# Semblance Synthetic Society - Application Documentation
## Table of Contents
1. [Application Overview](#application-overview)
2. [Application Architecture](#application-architecture)
3. [User Activity Flow](#user-activity-flow)
4. [Data Model](#data-model)
5. [Technical Details and Specifications](#technical-details-and-specifications)
6. [API Structure](#api-structure)
7. [AI Integration](#ai-integration)
8. [Development and Deployment](#development-and-deployment)
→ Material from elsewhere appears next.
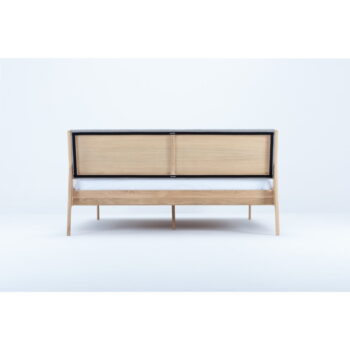 Sivá/prírodná čalúnená dvojlôžková posteľ z dubového dreva 180x200 cm Fawn - Gazzda – Obrázok 2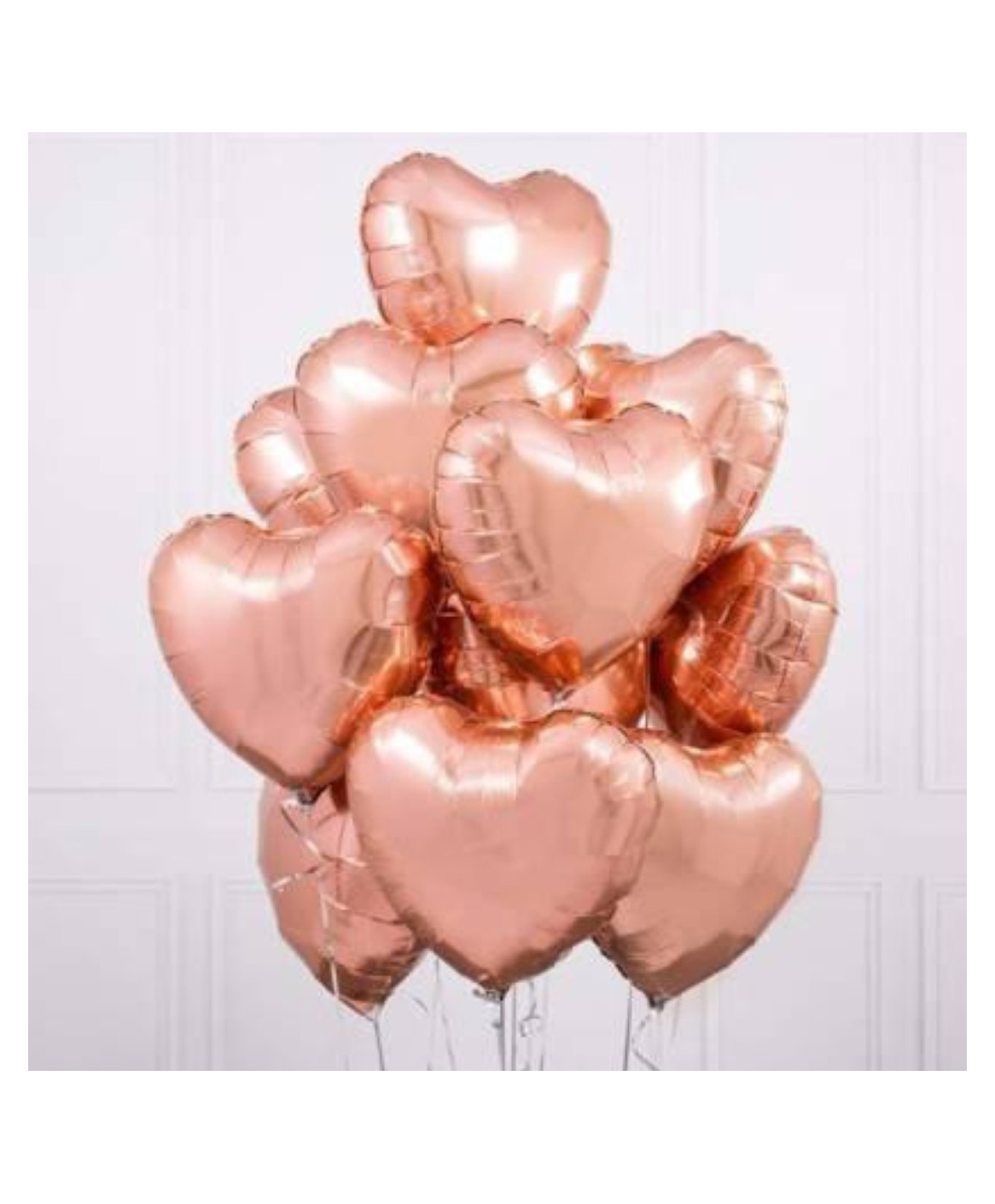Bubble Trouble 18" inches Rose Gold Heart Shape Party Decorative Foil Balloon - Pack of 10-image-48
9. [Security Considerations](#security-considerations)
10. [Key Features](#key-features)
## Application Overview
Semblance Synthetic Society is an AI-powered platform for creating and managing synthetic personas for focus groups and market research. It enables researchers to:
- Create detailed synthetic personas with demographic profiles and personality traits
- Organize personas into focus groups
- Run AI-moderated focus group sessions with autonomous conversations
- Analyze results with real-time theme extraction and reporting
- Export comprehensive insights and recommendations
## Application Architecture
### High-Level Architecture
```mermaid
graph TB
subgraph "Frontend - React/TypeScript"
A[React App
Vite + TypeScript] --> B[Components]
B --> C[Pages]
B --> D[UI Components
shadcn-ui]
A --> E[State Management
React Context + Hooks]
A --> F[API Client
Axios]
end
subgraph "Backend - Python/Flask"
G[Flask API] --> H[Routes]
H --> I[Services]
I --> J[Models]
J --> K[(MongoDB)]
I --> L[Google Gemini AI
LLM Integration]
end
F -->|HTTP/REST| G
subgraph "Infrastructure"
M[Static Hosting
Frontend Build]
N[WSGI Server
Backend API]
O[MongoDB Instance]
end
```
### Technology Stack
#### Frontend
- **Framework**: React 18.3.1 with TypeScript
- **Build Tool**: Vite 5.4.1
- **Styling**: Tailwind CSS 3.4.11 with shadcn-ui components
- **Routing**: React Router DOM 6.26.2
- **State Management**: React Context API + Custom Hooks
- **HTTP Client**: Axios 1.6.2
- **Forms**: React Hook Form 7.53.0 with Zod validation
- **Authentication**: JWT with localStorage persistence
#### Backend
- **Framework**: Flask (Python)
- **Database**: MongoDB with PyMongo
- **Authentication**: Flask-JWT-Extended
- **AI Integration**: Google Generative AI (Gemini 2.5 Pro)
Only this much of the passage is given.